Читаем Ортодоксия полностью

Часто говорят, что надо быть прогрессивным, потому что все идет к лучшему. На самом деле единственный довод в пользу прогресса — то, что все идет к худшему. Все портится; вот лучший аргумент в пользу прогресса. Если б не это, консерваторам было бы нечего возразить. Они говорят: оставьте все как есть и будет хорошо. Но это не так. Все будет плохо. Оставьте в покое белый столб — и он очень скоро станет черным. Хотите, чтоб он был белым, — красьте его снова и снова; другими словами, снова и снова восставайте. Если вам нужен старый белый столб, постоянно создавайте новый. Это — так, когда речь идет о предметах; это еще верней и страшней, когда речь идет о людях. Все человеческие установления старятся с такой сверхъестественной быстротой, что нам нельзя думать ни минуты. В газетах и книжках принято писать о тяжком иге старых тираний. На самом же деле мы почти всегда страдаем от новой тирании, которая лет за двадцать до того была свободой. Англия восторгалась до безумия патриотической монархией Елизаветы[98], а потом, почти сразу, возмутилась до безумия тиранией Карла I[99]. Во Франции монархию не смогли вынести не после того, как ее терпели с грехом пополам, а после того, как ей поклонялись. Людовику Любимому наследовал Людовик Казненный[100]. У нас, в XIX веке, прогрессивного фабриканта считали чуть ли не народным трибуном, пока социалисты не возопили, что он — кровавый тиран и людоед. Еще пример: газета была для нас глашатаем общественного мнения, и вдруг (именно — вдруг, не постепенно) некоторые обнаружили, что это ей и не снилось. Мы поняли, что газеты — прихоть нескольких богачей. Совсем не нужно восставать против старого; восставать надо против нового. Мир держат в оковах новые тираны — капиталисты, издатели газет. Вряд ли король в наши дни грубо нарушит конституцию; скорей он обойдет ее, будет действовать за ее спиной. Он воспользуется не королевской властью, а королевским безвластием, бессилием — тем, что никто ничего о нем не знает и не может на него напасть. Ведь король теперь — самое частное из частных лиц, И еще один пример: газетчикам незачем сражаться против цензоров. Прошли те времена. Теперь сама газета — цензор.
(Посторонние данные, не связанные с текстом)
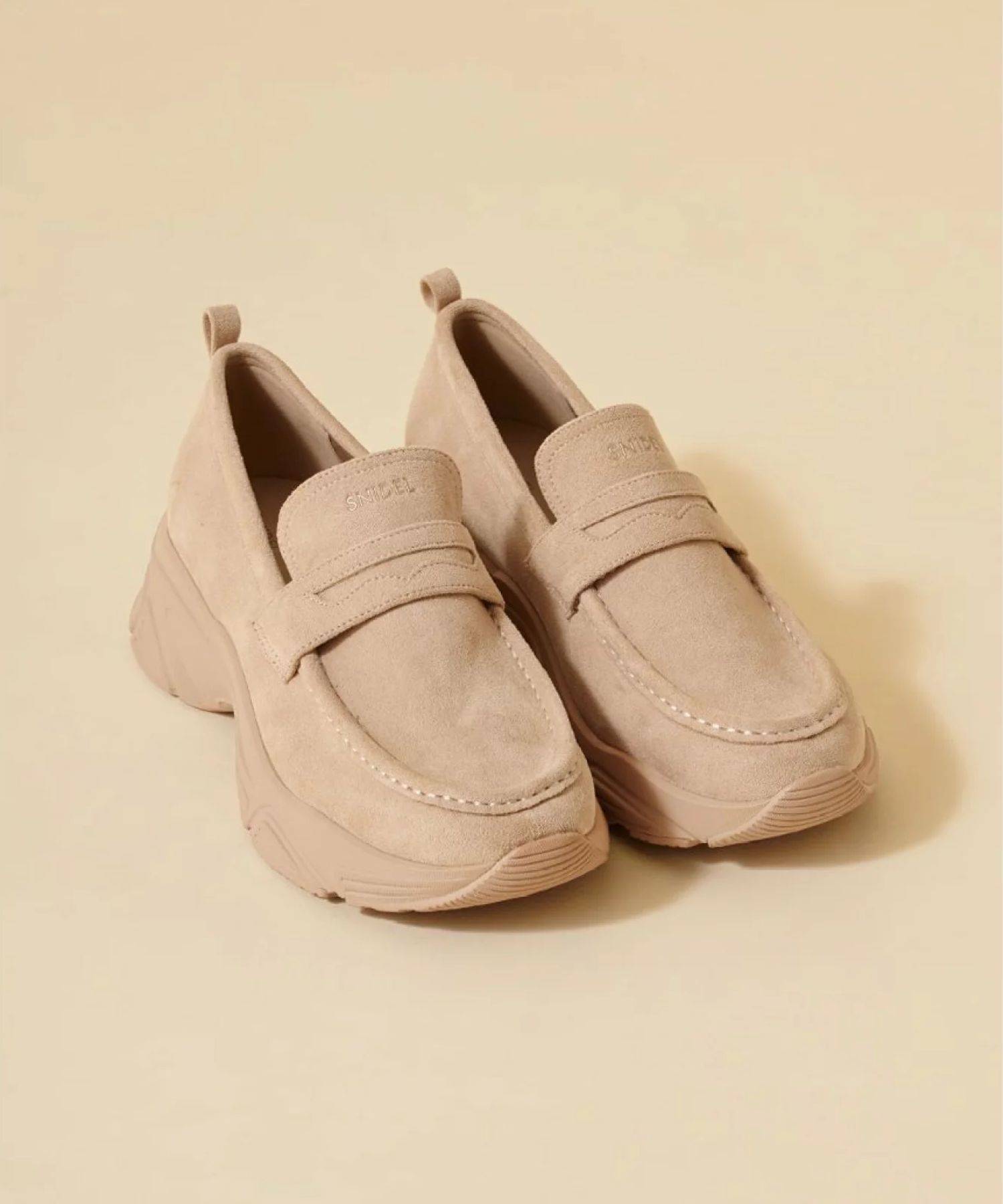 SNIDEL スニーカーソールローファー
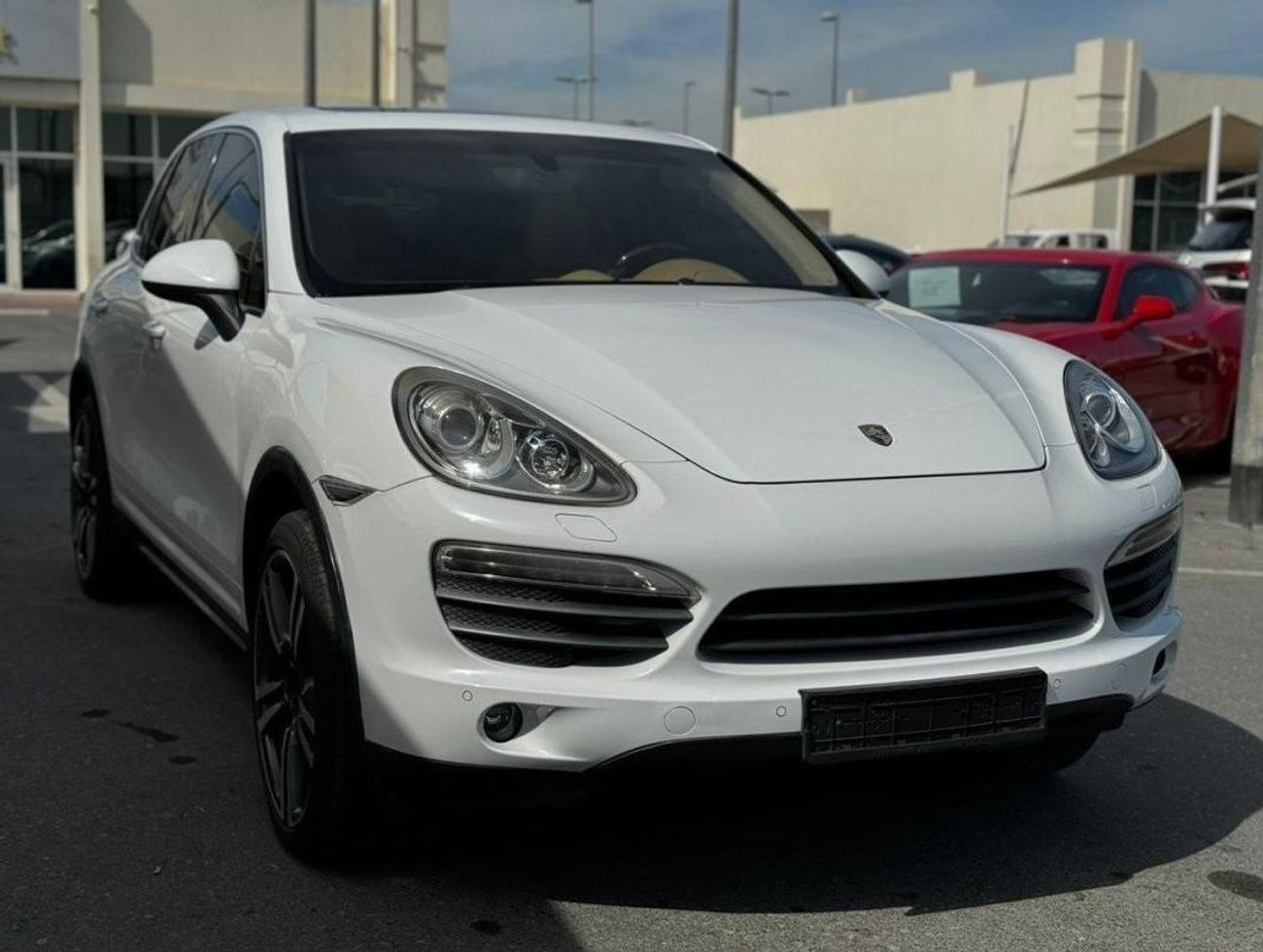 بورش كايان Porsche Cayenne S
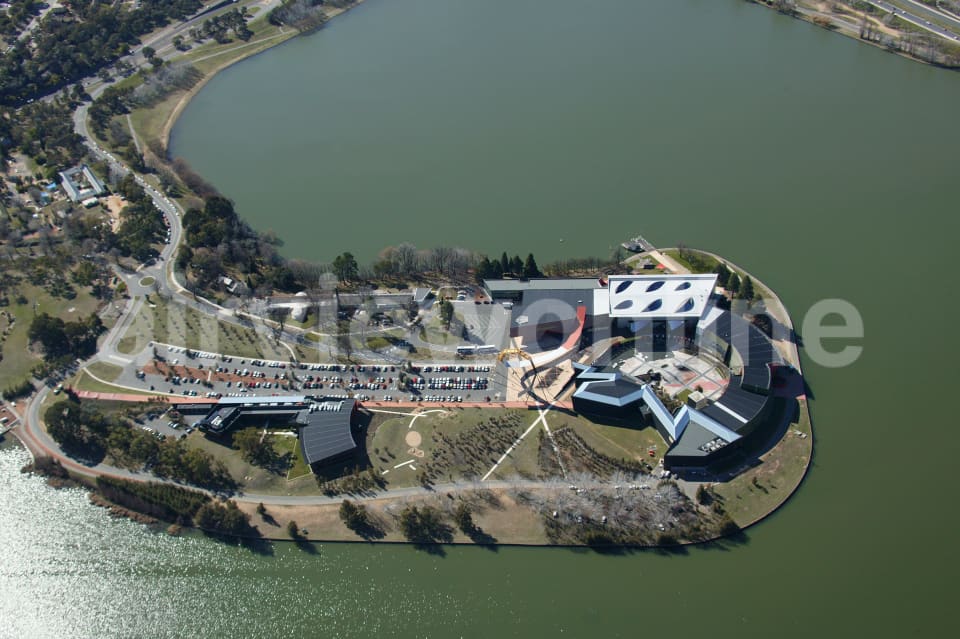 Aerial Image of National Museum of Australia, Canberra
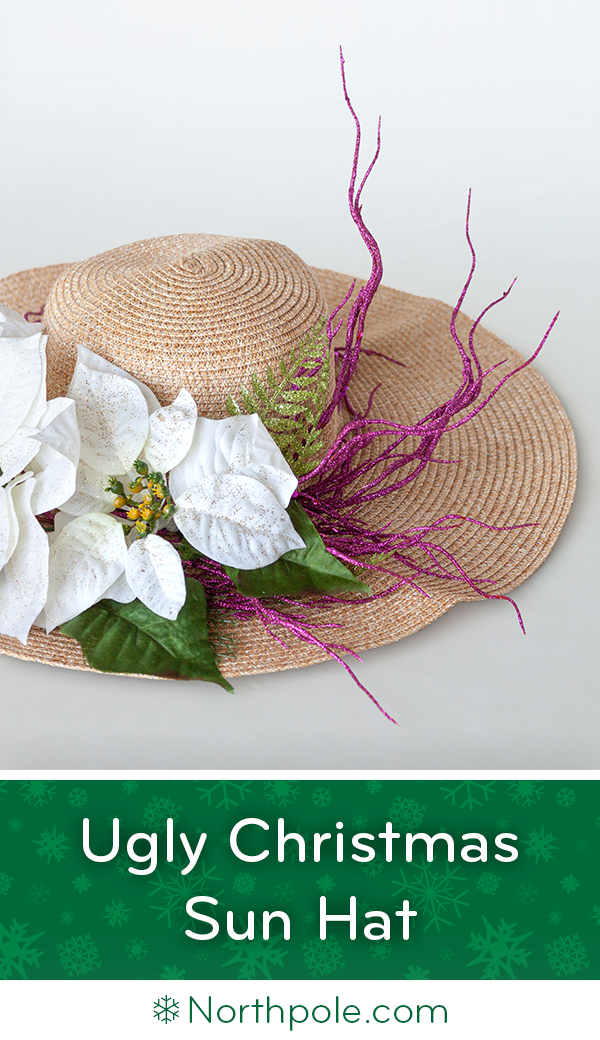 Ugly Christmas in July Hat • Northpole.com Craft Cottage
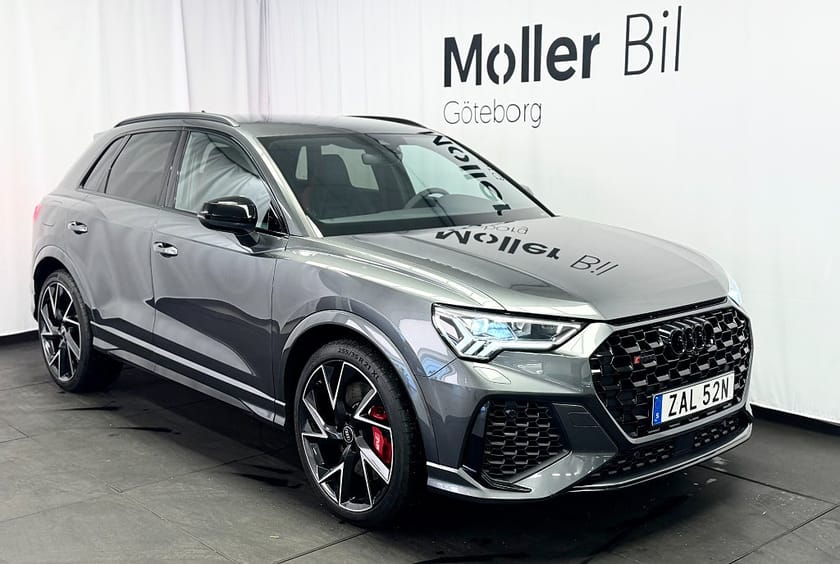 Bild 1 av Audi RS Q3 RSQ3 400hk RS-Designpaket/ SONOS/ Sportavgassystem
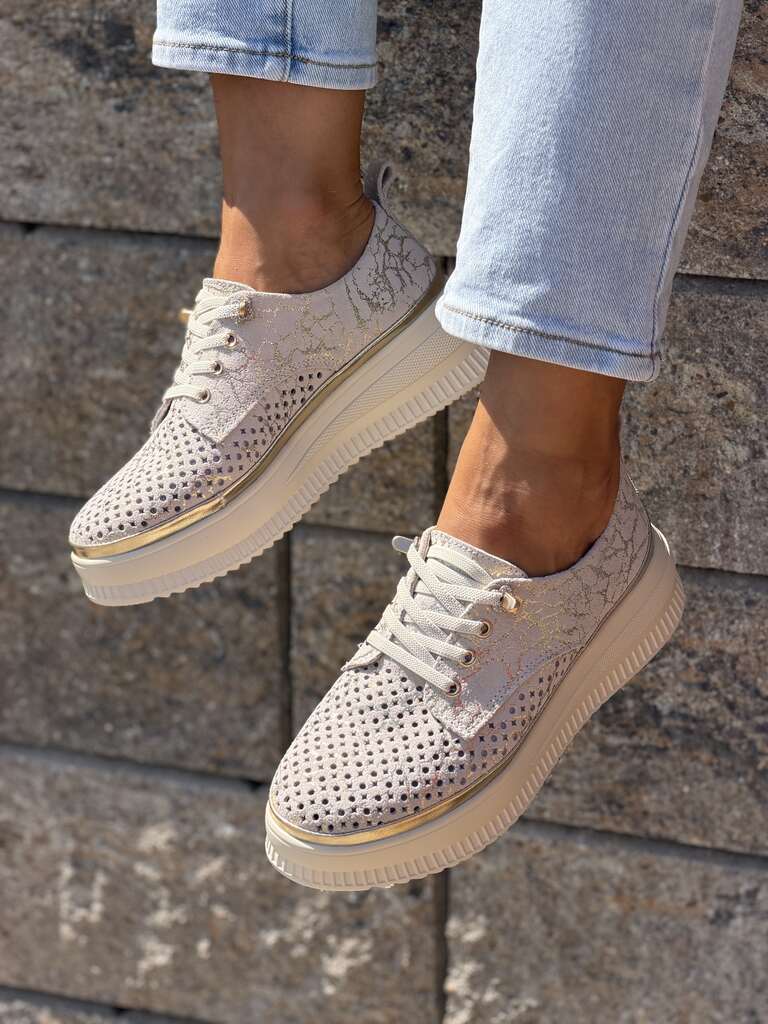 Czarne buty sportowe na grubej podeszwie Lee Copper 2552L - Na wiosnę
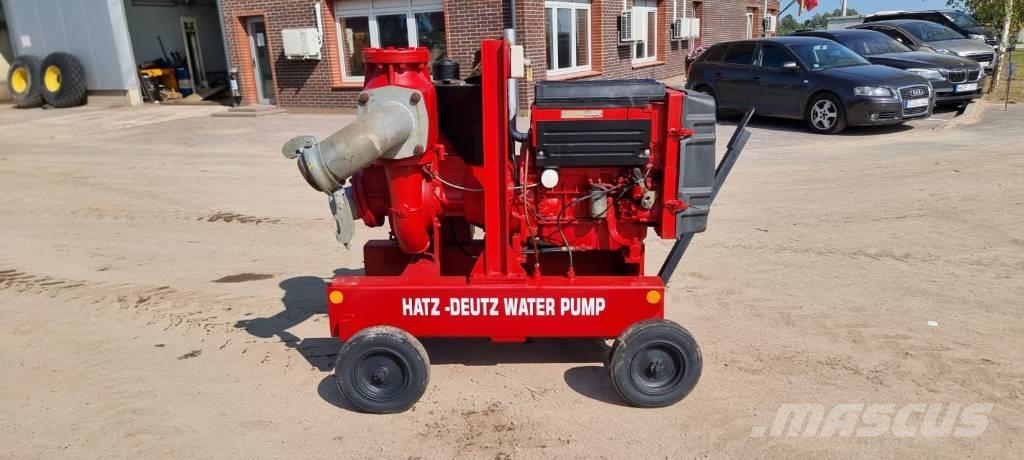 Deutz Hatz 200 Bombas de agua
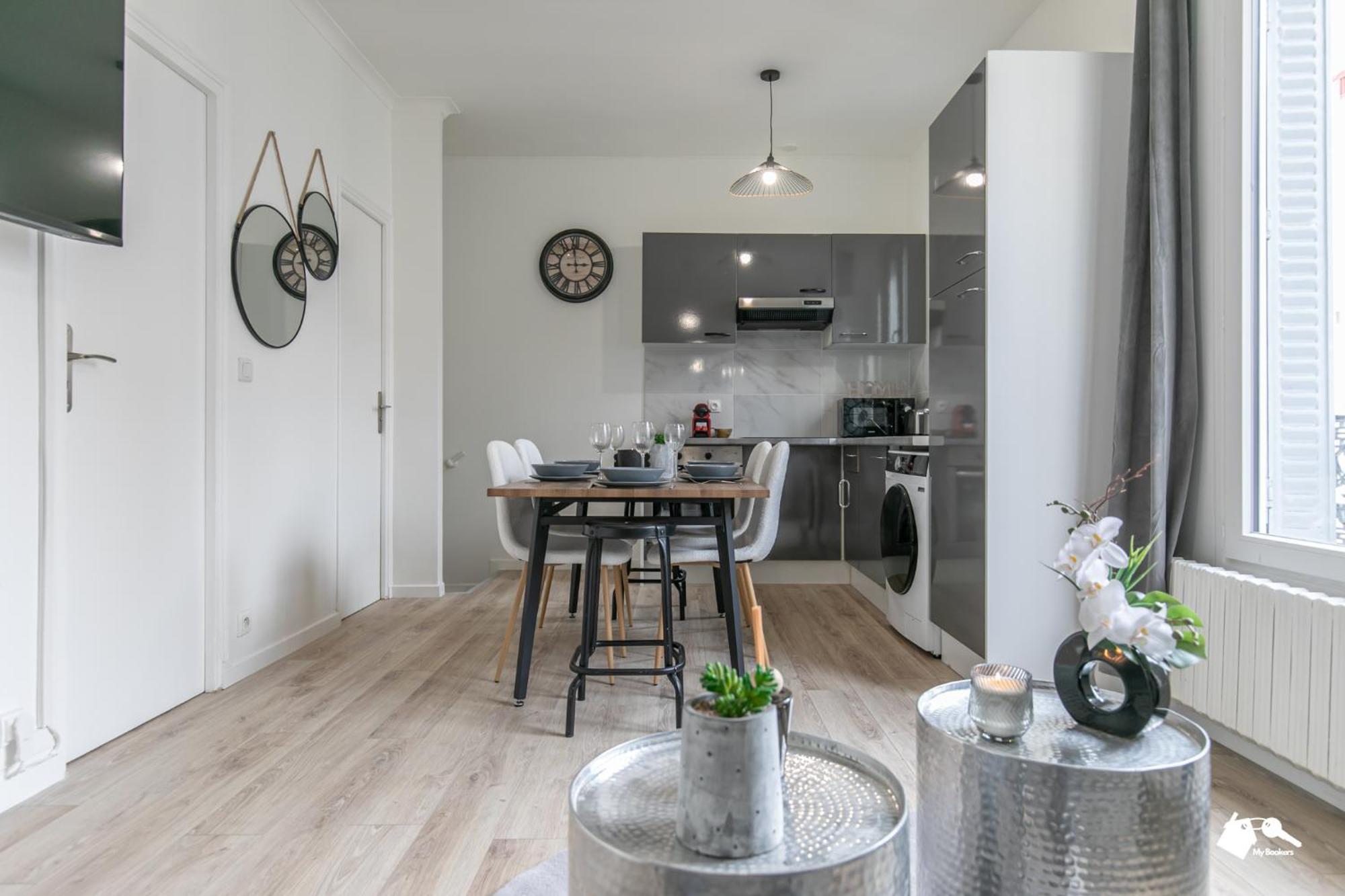 Mba - Bobillot - Splendide Appart - Proche Vincennes Montreuil  Exterior foto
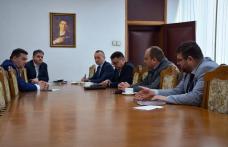 Ședință la Prefectura Botoșani pe tema acțiunilor desfășurate în perioada Sărbătorilor Pascale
Все общественные установления заболевают тиранией с поразительной быстротой; вот третий факт, который должна учесть наша безупречная теория прогресса. Надо все время следить, чтобы той или иной свободой не злоупотребляли; чтобы то или иное право не стало злом. Здесь я полностью согласен с революционерами. Они правы, когда не доверяют тому, что установили люди; правы, когда не надеются на князей и сынов человеческих[101]. Вождь, избранный как друг народа, становится ему врагом; газета, созданная, чтоб все узнали правду, скрывает ее от всех. Да, я понял революционеров; и снова у меня перехватило дух — я вспомнил, что и на этот раз я заодно с христианством.

Оно заговорило снова. «Я учило всегда, что люди по природе своей неустойчивы; что добродетель их легко ржавеет и портится; что сыны человеческие сползают к злу, особенно если они благополучны, горды и богаты. Это недоверие, этот вечный мятеж вы на вашем неточном, новом языке именуете доктриной прогресса. Будь вы философом, вы бы, как я, сказали „догмат о первородном грехе“. Зовите это, как вам нравится; я же зову это истинным именем: грехопадение человека».